- Work task -
Would you copy the lines below exactly and omit the images?

- Raw data -
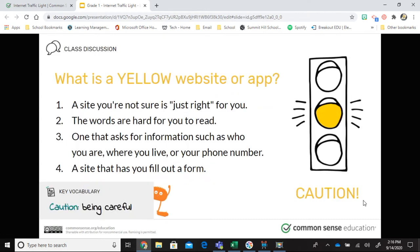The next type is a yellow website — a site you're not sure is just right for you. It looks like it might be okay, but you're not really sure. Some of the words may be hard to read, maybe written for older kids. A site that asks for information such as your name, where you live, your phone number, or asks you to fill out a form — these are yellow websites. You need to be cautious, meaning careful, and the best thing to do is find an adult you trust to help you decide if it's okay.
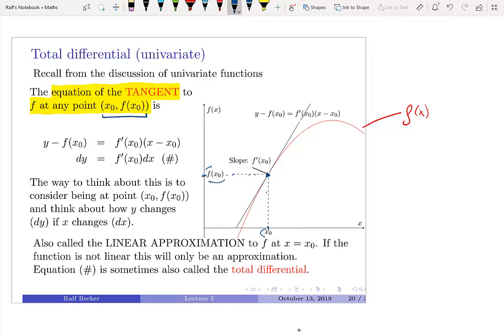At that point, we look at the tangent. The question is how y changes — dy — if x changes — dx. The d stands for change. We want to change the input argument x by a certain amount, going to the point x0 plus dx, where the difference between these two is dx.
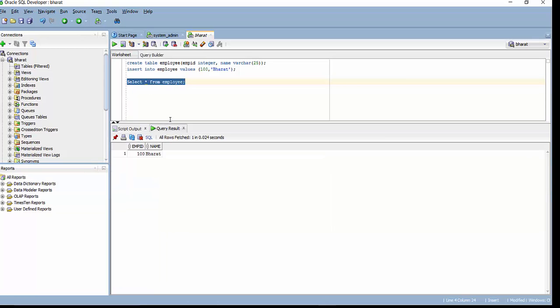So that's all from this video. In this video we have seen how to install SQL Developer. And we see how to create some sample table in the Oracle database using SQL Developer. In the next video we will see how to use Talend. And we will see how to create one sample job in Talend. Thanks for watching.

- Answer for this exercise -
The next type is a yellow website — a site you're not sure is just right for you. It looks like it might be okay, but you're not really sure. Some of the words may be hard to read, maybe written for older kids. A site that asks for information such as your name, where you live, your phone number, or asks you to fill out a form — these are yellow websites. You need to be cautious, meaning careful, and the best thing to do is find an adult you trust to help you decide if it's okay.
At that point, we look at the tangent. The question is how y changes — dy — if x changes — dx. The d stands for change. We want to change the input argument x by a certain amount, going to the point x0 plus dx, where the difference between these two is dx.
So that's all from this video. In this video we have seen how to install SQL Developer. And we see how to create some sample table in the Oracle database using SQL Developer. In the next video we will see how to use Talend. And we will see how to create one sample job in Talend. Thanks for watching.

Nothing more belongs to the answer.